Quality and crop control remain at the forefront and these initiatives have already started, he said.
In monitoring and maintaining optimal cold-storage temperatures, SATI is currently developing a cold-chain project to monitor temperatures from the packhouse to the marketplace in collaboration with producers and exporters.
Producers pack their own fruit in on-farm packhouses as far possible,” Griesel noted. “This is a significant capital and resource investment that is indicative of producers’ ongoing commitment to growing and exporting quality products.”
As far as market access was concerned, South African table grape exports had increased their presence year-on-year for the past five campaigns, he outlined.
“SATI is committed to maintaining the industry’s established markets while pursuing market development efforts in emerging markets.”
South Africa remained a quality Southern Hemisphere producer to its traditional markets, and export figures provided positive indicators of the industry’s expansion in the Northern Hemisphere, he said.
The compound annual growth rate (CAGR) to the European Union over the past four years’ exports had increased by 6 per cent.
“UK exports have remained steady, displaying a 4 per cent CAGR increase over the same period,” he continued. ”Exports to Canada grew 19 per cent CAGR over the last four years, while exports to the US increased by 40 per cent CAGR over the same period. The industry is eager to further expand in the US market.”

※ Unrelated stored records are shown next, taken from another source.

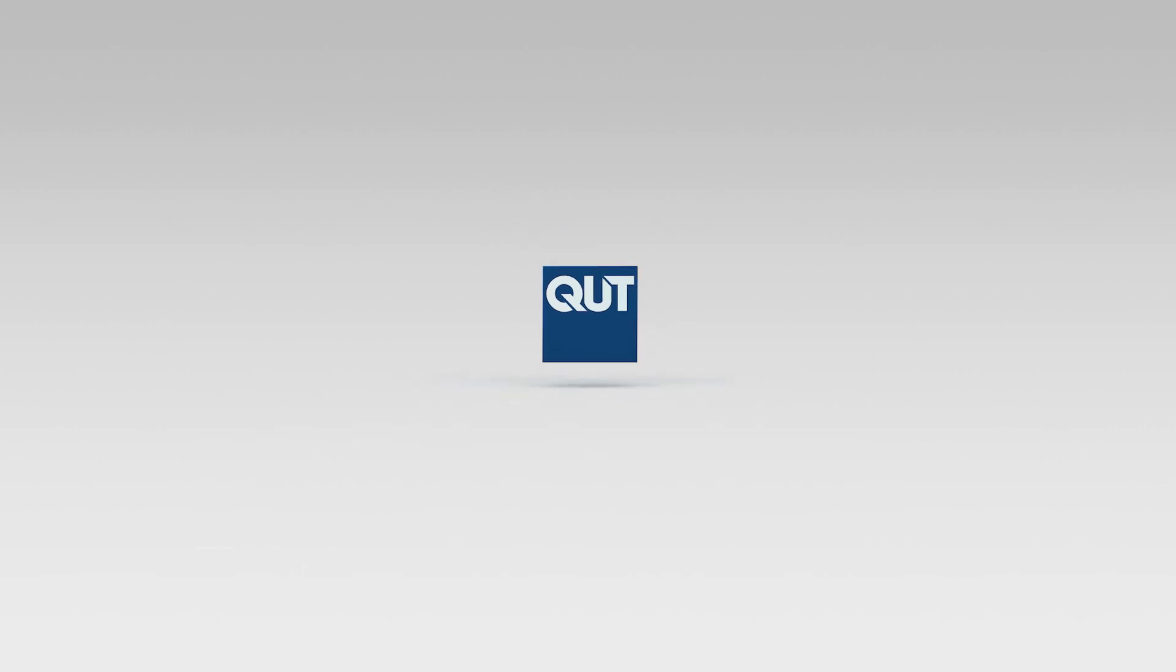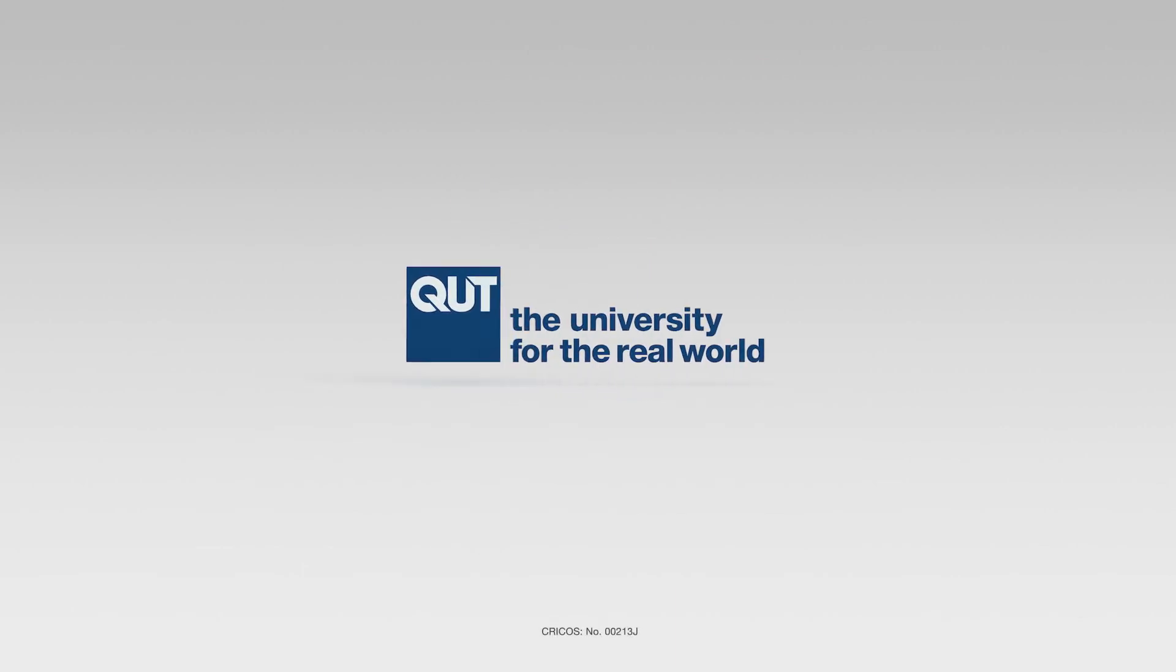After all, QUT is the university for the real world. Thank you!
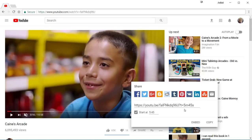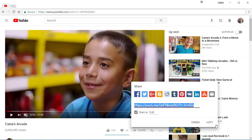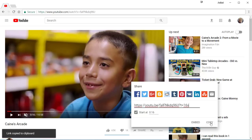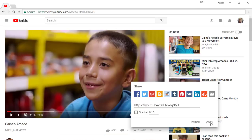What that does, as you can see, is it changes the URL to indicate the time and it adds the time to the URL. Once you've got the URL, copy it by clicking Copy or hitting Ctrl+C, and you have the correct URL for that video to start at a specific time.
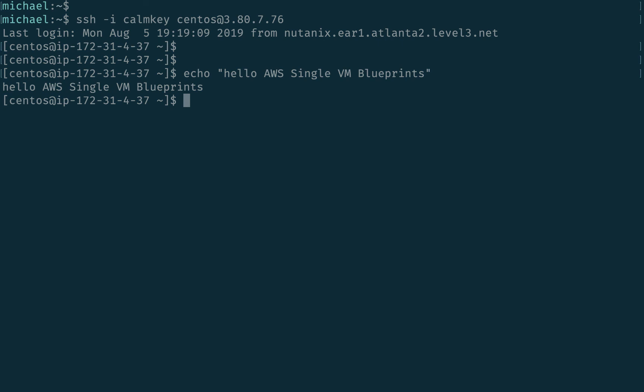All right, and we see this VM is working as expected. So again, with the Calm 2.7 release, we now have the ability to do any public cloud provider for single VM blueprints, which is a great way to quickly and easily provide infrastructure as a service for your end users. Thanks for your time today.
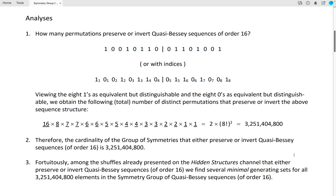The cardinality of the group of symmetries that either preserve or invert quasi-Bessy sequences of order 16 is the value we've just calculated, approximately 3.25 billion. Fortuitously, among the shuffles already performed on the Hidden Structures channel that either preserve or invert quasi-Bessy sequences of order 16, we find several minimal generating sets for all approximately 3.25 billion elements in the symmetry group of quasi-Bessy sequences of order 16.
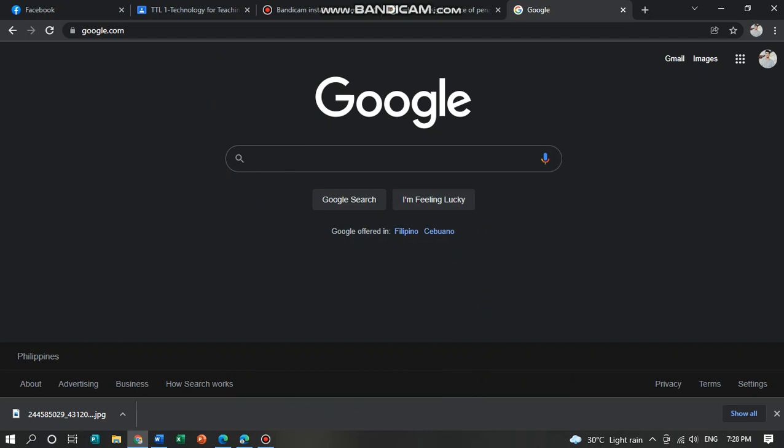This is going to be our online journal that we're using Penzo.com. Now, we go to Penzo.com.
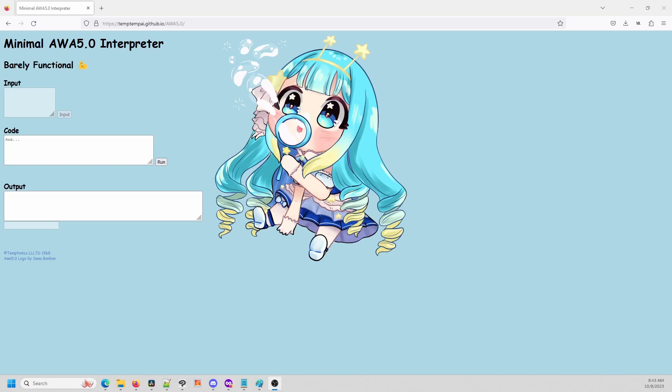Hello! Welcome to my overview of AWA 5.0 and tutorial on how to make a Hello World program in AWA 5.0. I'm Temp Tempai. I created AWA 5.0 and I'll be showing you a little bit of this project that I'm very proud of.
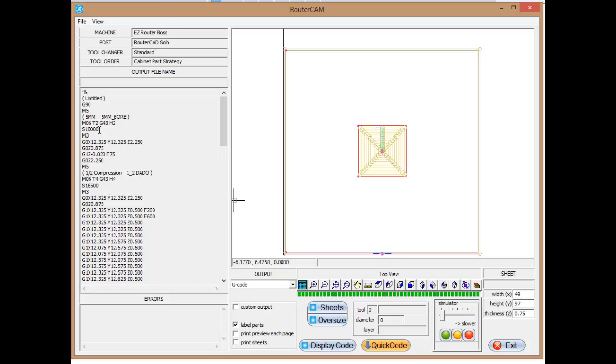Our spindle speed is 10,000. S stands for spindle speed. It's 10,000 RPMs. An M3 turns on the spindle. So at this point in the G-code, we've gone and changed the tool. We should have tool number 2 in the spindle. It should be spinning at 10,000 RPMs. And the next thing we're going to do is actually get into the movements.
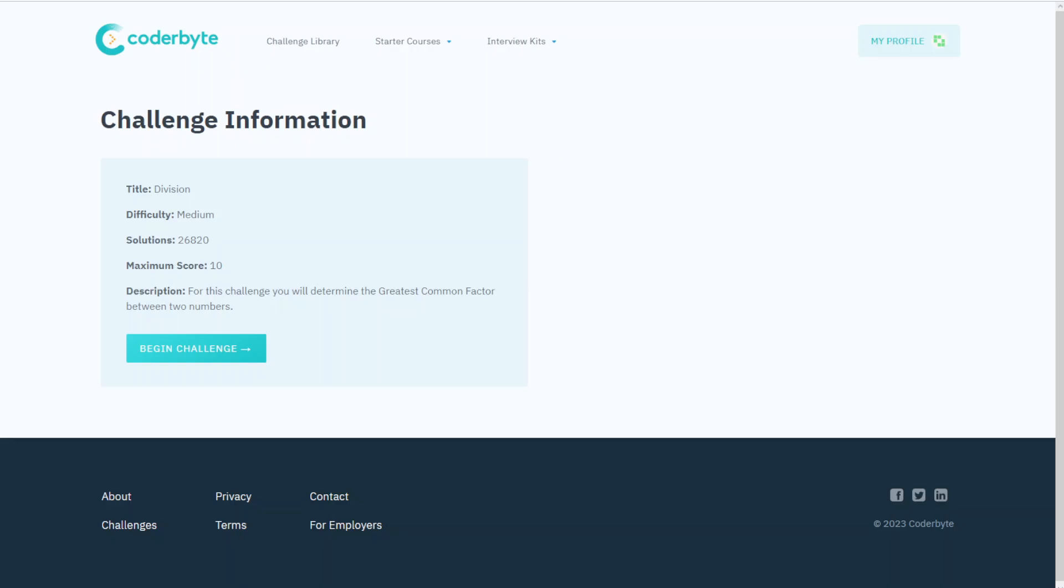Hey guys, we have Coderbyte, another coder challenge. In this case it's Division, medium complexity. This challenge will determine the greatest common factor between two numbers. Let's start.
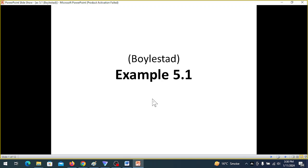Bismillah ar-Rahman ar-Rahim. Today we are going to do a video of example 5.1 from Bolstead's book of Electronic Devices and Circuits.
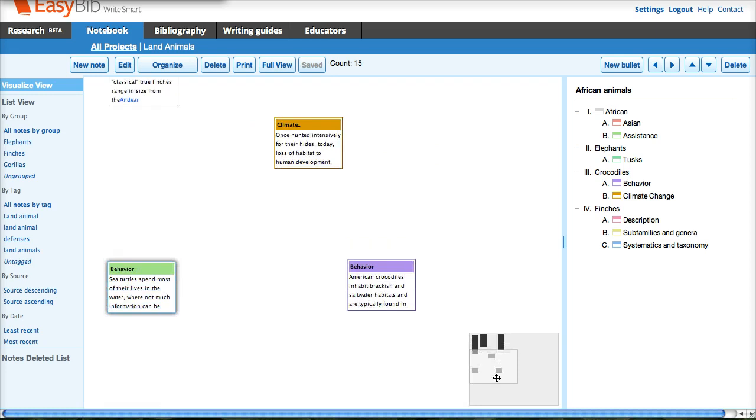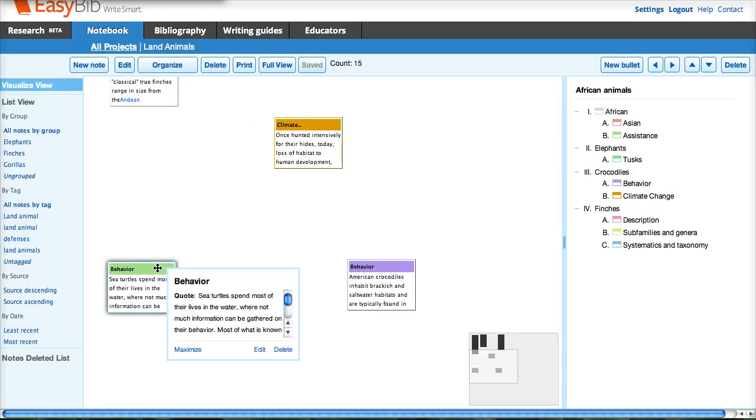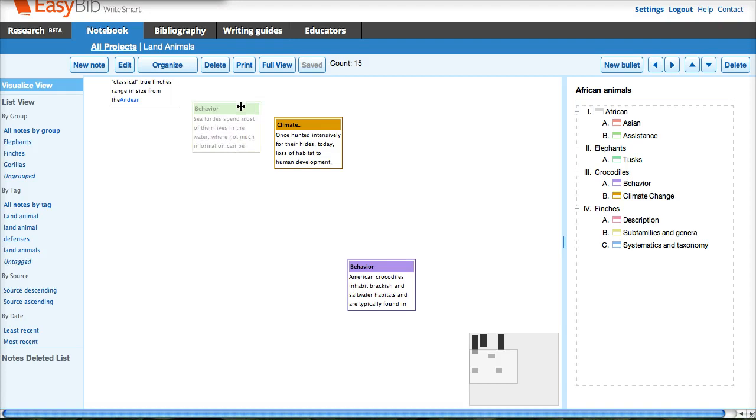Use the navigation pane to drag notes or groups to different parts of the notebook, as I'm doing right now.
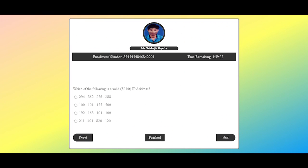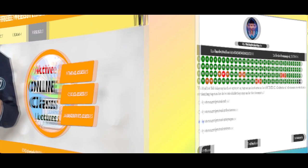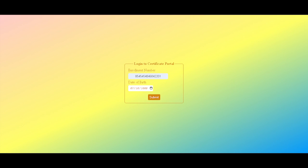100 questions will appear one after another, with four options for each question. You need to choose the most appropriate one among those four options. After the examination, check your exam status under the result menu.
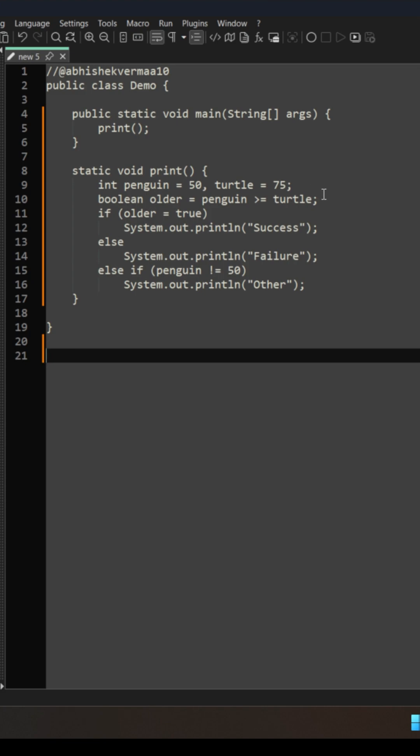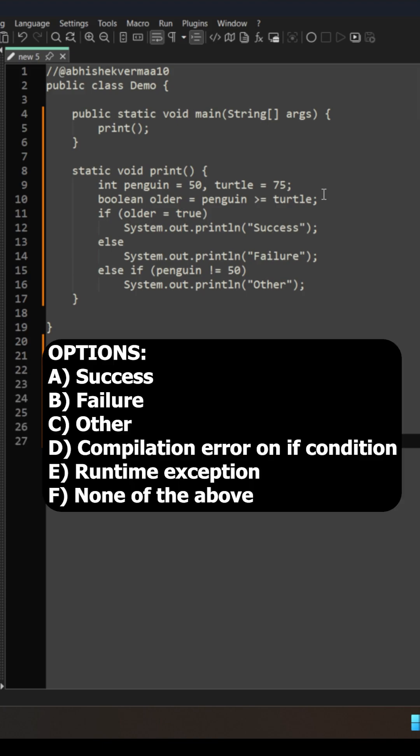Now the question is what is going to be the output of this code? In order to help you, I have these six options. Out of them there is only one correct answer which you need to tell me in the comments.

Griesel said that compared with other Southern Hemisphere producing countries, South Africa had the advantage of proximity to Europe and free trade agreements with the European Union and the UK.
“Further expansion to South-East Asian markets remains one of SATI’s strategic objectives, and significant progress has been made in the Philippines.”
SATI’s China Market Development Campaign was successfully launched two years ago and continued last season despite Covid-19 restrictions in China.
“The industry looks forward to supplying this market with quality South African table grapes in the 2022/23 season,” he added.